Kasan: Preisobergrenze für den Grundbedarf an Strom und Erdgas
ÖGB-Vorsitzender Wolfgang Katzian schlägt zudem eine Preisobergrenze für den Grundbedarf an Gas und Strom und marktübliche Preise darüber hinaus vor. Und Katzian legt im „Kurier“ und in der Sendung bereits konkrete Zahlen auf den Tisch: Der Grundbedarf definiert eine Menge, mit der ein Haushalt kochen, waschen und den Alltag bewältigen kann: „Wir haben 3.000 Kilowattstunden Strom für a Der Haushalt für zwei Personen ist festgelegt, aber der Preis ist etwas variabel. Wichtig ist, dass es für diesen Grundbedarf eine Obergrenze von 20 Cent pro Kilowattstunde gibt. Das liegt knapp über dem Vorkriegsniveau, aber immer noch deutlich unter dem, was im Herbst zu erwarten ist. Abgesehen von den Anschlussgebühren ergäben sich bei dieser Rechnung für einen Haushalt Bruttostromkosten von 600 Euro pro Jahr. Beim Erdgas sind wir für eine 70-Quadratmeter-Wohnung von knapp 10.000 Kilowattstunden Erdgas ausgegangen, was – bei maximal acht Cent pro Kilowattstunde – einer Rechnung von maximal 784 Euro brutto entspricht. Die Kosten für dieses Modell beziffert Katzian – bei doppelter Energierechnung – für Erdgas auf rund eine dreiviertel Milliarde Euro und für Strom auf rund zwei Milliarden Euro pro Jahr. Als Finanzierungs- oder Ausgleichsform, die der Staat an Unternehmen weitergeben könnte, schlägt der ÖGB-Präsident eine Steuer auf krisenbedingte Überschussgewinne von Energieunternehmen vor.

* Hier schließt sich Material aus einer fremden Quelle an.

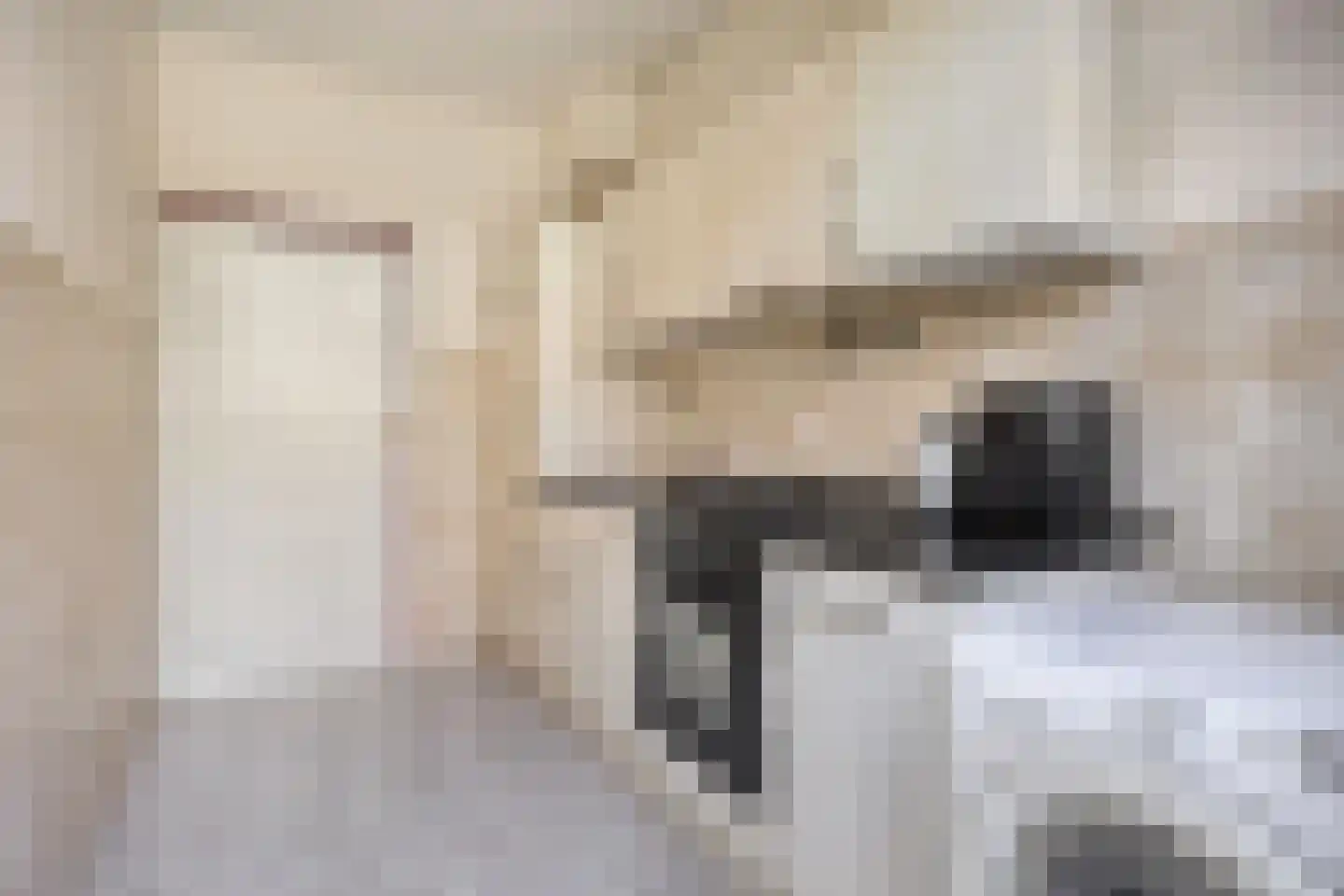 Van Vlotenstraat 22 Den Haag thumbnail 6
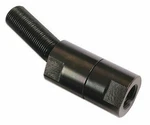 Laser 6123 Diesel Injector Adaptor Off-line. Fixed Price $96.29.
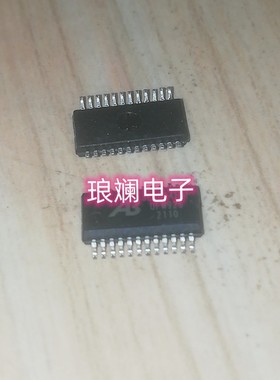 EHEA14CBB EHEA14CDA ECNB14CDA ECEA14CDA ECMB14CDC HL0D150D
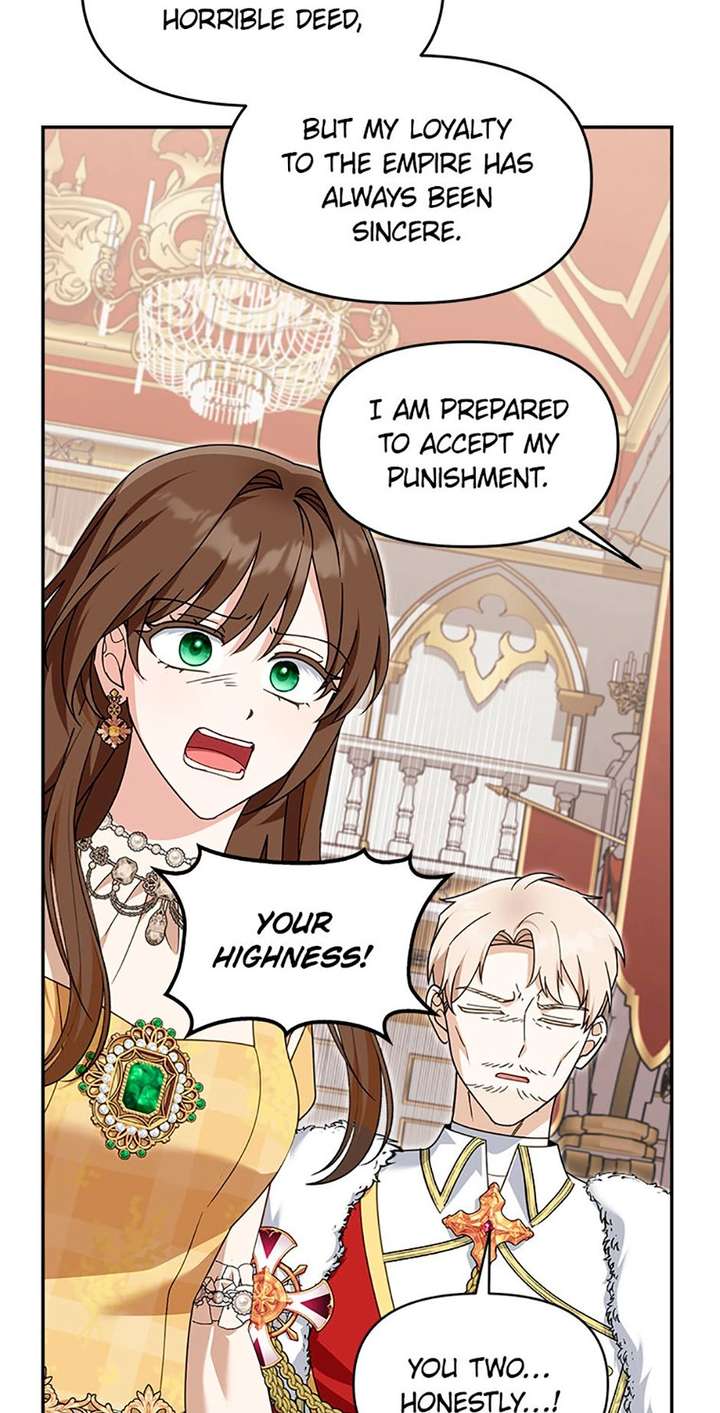 ch 68 20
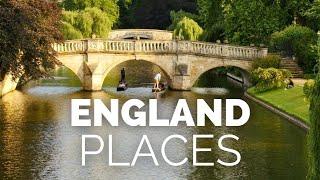 Best Places to visit In UK VisitUK#LoveGreatBritain#UKTravel#DiscoverUK#UKExplored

SPÖ, FPÖ: Kategorie Nehammer
SPÖ und FPÖ warfen Nehammer vor, zu spät reagiert zu haben. Der angekündigte Prozess werde noch Wochen andauern und „die Menschen werden weiter unter dem großen Preisdruck leiden“, kritisierte SPÖ-Bundesgeschäftsführer Christian Deutsch. „Diese Inflationskrise lässt sich nicht lösen, indem man immer wieder im Schneckentempo ins Hintertreffen gerät. Nehammer muss endlich handeln.“ FPÖ-Sozialabgeordnete Dagmar Belakovic bezeichnete es als „an Volksverachtung und Zynismus kaum zu überbieten“, dass die Kanzlerin erst jetzt über eine Preisobergrenze nachdenke, obwohl die Kosten seit Monaten explodierten.